+++ RECORD EXCERPTS +++
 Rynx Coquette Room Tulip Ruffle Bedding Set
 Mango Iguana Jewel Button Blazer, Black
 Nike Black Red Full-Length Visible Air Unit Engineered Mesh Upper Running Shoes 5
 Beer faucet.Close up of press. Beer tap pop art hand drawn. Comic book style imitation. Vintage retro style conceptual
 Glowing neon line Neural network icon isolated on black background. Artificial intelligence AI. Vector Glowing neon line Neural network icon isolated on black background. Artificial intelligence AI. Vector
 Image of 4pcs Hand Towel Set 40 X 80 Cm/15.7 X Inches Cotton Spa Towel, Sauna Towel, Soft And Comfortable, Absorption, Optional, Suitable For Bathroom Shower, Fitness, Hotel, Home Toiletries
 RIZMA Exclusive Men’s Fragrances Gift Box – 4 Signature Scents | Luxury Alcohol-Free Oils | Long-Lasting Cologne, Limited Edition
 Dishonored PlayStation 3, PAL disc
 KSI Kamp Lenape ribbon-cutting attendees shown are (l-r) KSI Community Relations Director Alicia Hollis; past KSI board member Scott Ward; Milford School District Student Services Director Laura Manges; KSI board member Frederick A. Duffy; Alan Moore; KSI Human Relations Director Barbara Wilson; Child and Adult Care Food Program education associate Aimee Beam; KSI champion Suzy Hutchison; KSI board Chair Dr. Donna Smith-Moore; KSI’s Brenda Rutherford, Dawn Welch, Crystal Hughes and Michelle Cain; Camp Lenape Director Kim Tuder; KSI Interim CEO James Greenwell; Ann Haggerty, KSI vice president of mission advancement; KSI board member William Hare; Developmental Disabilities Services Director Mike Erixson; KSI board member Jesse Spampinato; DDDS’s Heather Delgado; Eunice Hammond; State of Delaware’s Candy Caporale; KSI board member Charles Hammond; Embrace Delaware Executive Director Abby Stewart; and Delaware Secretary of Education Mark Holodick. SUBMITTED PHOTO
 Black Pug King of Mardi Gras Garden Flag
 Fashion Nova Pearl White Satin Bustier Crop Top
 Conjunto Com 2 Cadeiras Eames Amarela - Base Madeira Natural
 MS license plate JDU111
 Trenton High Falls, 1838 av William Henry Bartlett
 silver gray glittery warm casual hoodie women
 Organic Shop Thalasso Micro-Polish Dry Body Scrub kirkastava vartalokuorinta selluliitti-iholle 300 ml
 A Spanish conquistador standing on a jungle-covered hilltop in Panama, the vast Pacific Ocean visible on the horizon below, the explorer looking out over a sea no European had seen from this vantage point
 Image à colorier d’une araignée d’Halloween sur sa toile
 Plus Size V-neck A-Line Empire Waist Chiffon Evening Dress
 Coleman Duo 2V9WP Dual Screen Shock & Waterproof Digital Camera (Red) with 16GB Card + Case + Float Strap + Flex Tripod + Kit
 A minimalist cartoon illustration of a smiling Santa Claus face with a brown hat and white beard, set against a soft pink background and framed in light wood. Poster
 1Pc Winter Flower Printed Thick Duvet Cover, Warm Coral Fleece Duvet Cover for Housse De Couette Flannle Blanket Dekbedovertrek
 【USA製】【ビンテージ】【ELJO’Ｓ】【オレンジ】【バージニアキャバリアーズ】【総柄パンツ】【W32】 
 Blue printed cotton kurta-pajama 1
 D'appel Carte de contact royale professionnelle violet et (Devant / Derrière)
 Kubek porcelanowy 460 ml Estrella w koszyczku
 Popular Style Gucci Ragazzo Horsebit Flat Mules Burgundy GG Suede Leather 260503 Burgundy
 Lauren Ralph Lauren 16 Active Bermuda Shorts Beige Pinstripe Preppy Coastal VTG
+++
Output exactly one stretch of the listing: from the line containing "AI. Vector Glowing" through the line containing "Dishonored PlayStation 3, PAL disc", both end lines included.

 Glowing neon line Neural network icon isolated on black background. Artificial intelligence AI. Vector Glowing neon line Neural network icon isolated on black background. Artificial intelligence AI. Vector
 Image of 4pcs Hand Towel Set 40 X 80 Cm/15.7 X Inches Cotton Spa Towel, Sauna Towel, Soft And Comfortable, Absorption, Optional, Suitable For Bathroom Shower, Fitness, Hotel, Home Toiletries
 RIZMA Exclusive Men’s Fragrances Gift Box – 4 Signature Scents | Luxury Alcohol-Free Oils | Long-Lasting Cologne, Limited Edition
 Dishonored PlayStation 3, PAL disc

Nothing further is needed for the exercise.